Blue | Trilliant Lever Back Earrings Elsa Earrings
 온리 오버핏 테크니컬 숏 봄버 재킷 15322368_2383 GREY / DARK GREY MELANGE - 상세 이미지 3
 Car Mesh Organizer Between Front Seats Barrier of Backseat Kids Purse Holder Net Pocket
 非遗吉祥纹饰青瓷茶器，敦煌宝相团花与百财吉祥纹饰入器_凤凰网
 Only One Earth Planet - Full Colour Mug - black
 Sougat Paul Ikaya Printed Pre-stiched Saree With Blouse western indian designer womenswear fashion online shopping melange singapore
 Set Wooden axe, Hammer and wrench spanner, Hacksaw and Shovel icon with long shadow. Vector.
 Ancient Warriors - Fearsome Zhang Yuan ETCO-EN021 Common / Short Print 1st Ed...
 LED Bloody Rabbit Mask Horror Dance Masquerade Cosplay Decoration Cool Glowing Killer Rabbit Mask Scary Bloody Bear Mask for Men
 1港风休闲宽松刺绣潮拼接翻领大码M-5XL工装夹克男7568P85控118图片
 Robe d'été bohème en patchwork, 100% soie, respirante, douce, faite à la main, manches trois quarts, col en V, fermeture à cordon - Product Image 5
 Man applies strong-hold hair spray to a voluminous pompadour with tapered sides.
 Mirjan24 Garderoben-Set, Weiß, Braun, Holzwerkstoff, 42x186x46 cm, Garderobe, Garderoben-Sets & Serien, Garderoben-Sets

_ _ _ _ _

(What to do):
The lines to return begin at the first line of the records and end at the line holding "Only One Earth"; please return them exactly, including both, and nothing beyond.

(Result below):
Blue | Trilliant Lever Back Earrings Elsa Earrings
 온리 오버핏 테크니컬 숏 봄버 재킷 15322368_2383 GREY / DARK GREY MELANGE - 상세 이미지 3
 Car Mesh Organizer Between Front Seats Barrier of Backseat Kids Purse Holder Net Pocket
 非遗吉祥纹饰青瓷茶器，敦煌宝相团花与百财吉祥纹饰入器_凤凰网
 Only One Earth Planet - Full Colour Mug - black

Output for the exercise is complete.